◆ WHAT TO PRODUCE: Repeat exactly the lines from the one containing "El sismo registrado" through the last line of the records below, both included, and nothing else.

:: PROVIDED DATA

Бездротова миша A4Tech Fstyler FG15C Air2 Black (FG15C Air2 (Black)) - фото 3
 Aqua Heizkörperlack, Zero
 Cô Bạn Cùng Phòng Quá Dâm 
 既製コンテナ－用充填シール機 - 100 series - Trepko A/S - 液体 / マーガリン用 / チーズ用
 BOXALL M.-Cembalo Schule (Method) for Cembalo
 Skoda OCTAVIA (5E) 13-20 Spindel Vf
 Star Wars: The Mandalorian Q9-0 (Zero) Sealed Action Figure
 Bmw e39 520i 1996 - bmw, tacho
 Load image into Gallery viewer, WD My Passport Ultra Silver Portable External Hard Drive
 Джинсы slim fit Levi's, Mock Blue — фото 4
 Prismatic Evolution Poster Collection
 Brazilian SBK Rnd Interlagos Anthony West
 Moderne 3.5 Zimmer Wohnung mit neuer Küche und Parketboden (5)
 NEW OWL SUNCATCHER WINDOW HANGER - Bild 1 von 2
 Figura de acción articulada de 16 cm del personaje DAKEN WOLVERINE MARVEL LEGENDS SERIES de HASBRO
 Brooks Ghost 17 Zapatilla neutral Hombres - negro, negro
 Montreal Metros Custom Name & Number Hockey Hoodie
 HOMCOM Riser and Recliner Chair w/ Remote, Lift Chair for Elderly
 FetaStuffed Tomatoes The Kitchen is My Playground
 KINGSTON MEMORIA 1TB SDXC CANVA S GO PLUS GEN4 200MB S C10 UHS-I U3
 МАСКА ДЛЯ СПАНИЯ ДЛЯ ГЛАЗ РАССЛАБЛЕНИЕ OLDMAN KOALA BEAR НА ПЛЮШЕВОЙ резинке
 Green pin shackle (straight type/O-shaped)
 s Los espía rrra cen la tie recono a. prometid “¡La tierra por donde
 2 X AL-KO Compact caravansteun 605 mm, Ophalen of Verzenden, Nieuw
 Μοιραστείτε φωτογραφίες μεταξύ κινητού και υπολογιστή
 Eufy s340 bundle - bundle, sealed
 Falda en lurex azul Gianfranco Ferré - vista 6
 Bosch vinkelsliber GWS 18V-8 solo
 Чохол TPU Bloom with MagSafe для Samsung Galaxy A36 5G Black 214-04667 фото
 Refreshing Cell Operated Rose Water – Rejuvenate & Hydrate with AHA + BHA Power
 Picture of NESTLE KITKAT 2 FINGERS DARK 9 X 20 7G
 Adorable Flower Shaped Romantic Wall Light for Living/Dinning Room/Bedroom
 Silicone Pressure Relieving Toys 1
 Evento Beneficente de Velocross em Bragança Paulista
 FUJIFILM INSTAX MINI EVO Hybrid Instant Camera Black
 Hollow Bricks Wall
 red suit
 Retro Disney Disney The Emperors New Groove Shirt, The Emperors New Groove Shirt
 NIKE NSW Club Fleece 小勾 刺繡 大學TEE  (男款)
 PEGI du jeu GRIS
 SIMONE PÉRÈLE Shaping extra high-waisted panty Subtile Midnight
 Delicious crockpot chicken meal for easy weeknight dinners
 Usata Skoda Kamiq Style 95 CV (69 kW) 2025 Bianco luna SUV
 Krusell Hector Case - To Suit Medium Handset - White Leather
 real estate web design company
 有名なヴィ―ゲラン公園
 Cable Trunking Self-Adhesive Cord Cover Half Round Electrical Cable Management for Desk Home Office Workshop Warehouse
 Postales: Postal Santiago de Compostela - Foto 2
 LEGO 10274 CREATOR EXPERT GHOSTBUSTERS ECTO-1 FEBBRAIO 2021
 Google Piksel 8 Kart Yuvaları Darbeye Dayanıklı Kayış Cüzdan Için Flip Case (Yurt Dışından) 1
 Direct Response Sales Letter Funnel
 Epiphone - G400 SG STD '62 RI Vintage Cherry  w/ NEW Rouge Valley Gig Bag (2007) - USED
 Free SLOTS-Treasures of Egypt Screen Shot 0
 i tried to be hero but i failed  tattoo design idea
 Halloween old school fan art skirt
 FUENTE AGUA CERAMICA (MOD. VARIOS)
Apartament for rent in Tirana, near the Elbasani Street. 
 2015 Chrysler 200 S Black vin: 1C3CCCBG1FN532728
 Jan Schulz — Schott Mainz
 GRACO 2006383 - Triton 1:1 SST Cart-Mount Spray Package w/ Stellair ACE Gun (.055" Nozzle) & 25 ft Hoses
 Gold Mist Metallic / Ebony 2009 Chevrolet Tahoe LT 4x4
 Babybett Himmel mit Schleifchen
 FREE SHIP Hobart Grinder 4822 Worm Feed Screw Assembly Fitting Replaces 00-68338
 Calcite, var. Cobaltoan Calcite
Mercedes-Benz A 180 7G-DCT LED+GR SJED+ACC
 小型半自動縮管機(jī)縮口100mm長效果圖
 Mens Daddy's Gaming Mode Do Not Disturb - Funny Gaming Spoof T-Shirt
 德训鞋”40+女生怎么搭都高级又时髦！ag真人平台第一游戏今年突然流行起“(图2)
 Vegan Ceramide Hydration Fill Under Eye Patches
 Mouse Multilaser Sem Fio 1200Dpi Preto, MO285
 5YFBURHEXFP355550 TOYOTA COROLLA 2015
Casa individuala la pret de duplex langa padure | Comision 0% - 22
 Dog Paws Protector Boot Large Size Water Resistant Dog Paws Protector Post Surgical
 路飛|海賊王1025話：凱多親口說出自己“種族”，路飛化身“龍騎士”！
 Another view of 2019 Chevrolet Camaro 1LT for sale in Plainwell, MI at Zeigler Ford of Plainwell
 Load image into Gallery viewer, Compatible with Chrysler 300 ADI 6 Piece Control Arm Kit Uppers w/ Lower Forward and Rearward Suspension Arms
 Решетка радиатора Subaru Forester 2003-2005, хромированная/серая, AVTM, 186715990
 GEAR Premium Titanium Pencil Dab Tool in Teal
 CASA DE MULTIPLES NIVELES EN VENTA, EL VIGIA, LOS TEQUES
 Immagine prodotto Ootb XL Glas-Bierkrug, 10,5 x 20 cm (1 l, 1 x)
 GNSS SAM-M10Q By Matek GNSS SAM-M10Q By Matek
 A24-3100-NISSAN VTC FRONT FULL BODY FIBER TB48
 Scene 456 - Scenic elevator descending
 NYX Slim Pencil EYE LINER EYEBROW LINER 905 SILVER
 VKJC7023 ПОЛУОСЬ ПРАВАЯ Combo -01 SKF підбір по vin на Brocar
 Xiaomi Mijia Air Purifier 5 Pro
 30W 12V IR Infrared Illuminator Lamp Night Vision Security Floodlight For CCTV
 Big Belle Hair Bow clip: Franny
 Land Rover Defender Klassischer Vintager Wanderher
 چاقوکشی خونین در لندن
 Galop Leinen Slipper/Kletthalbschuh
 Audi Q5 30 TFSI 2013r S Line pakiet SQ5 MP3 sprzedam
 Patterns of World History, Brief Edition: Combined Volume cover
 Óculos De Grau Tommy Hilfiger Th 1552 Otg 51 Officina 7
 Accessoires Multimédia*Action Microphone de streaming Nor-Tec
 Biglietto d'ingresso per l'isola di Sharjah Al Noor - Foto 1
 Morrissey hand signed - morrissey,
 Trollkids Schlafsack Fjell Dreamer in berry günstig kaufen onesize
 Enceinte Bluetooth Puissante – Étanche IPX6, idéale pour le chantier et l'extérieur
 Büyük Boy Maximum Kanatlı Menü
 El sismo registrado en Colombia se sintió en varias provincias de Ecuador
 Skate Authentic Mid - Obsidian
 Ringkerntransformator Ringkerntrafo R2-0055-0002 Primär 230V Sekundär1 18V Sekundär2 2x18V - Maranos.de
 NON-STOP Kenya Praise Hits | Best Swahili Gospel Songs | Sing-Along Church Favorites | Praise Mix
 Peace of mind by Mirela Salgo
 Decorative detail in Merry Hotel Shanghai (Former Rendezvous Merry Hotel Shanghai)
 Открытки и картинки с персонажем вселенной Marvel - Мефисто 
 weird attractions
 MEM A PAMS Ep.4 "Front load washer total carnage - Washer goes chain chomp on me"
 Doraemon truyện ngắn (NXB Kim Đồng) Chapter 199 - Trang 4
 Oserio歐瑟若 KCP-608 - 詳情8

::::

◆ ANSWER SPACE:
 El sismo registrado en Colombia se sintió en varias provincias de Ecuador
 Skate Authentic Mid - Obsidian
 Ringkerntransformator Ringkerntrafo R2-0055-0002 Primär 230V Sekundär1 18V Sekundär2 2x18V - Maranos.de
 NON-STOP Kenya Praise Hits | Best Swahili Gospel Songs | Sing-Along Church Favorites | Praise Mix
 Peace of mind by Mirela Salgo
 Decorative detail in Merry Hotel Shanghai (Former Rendezvous Merry Hotel Shanghai)
 Открытки и картинки с персонажем вселенной Marvel - Мефисто 
 weird attractions
 MEM A PAMS Ep.4 "Front load washer total carnage - Washer goes chain chomp on me"
 Doraemon truyện ngắn (NXB Kim Đồng) Chapter 199 - Trang 4
 Oserio歐瑟若 KCP-608 - 詳情8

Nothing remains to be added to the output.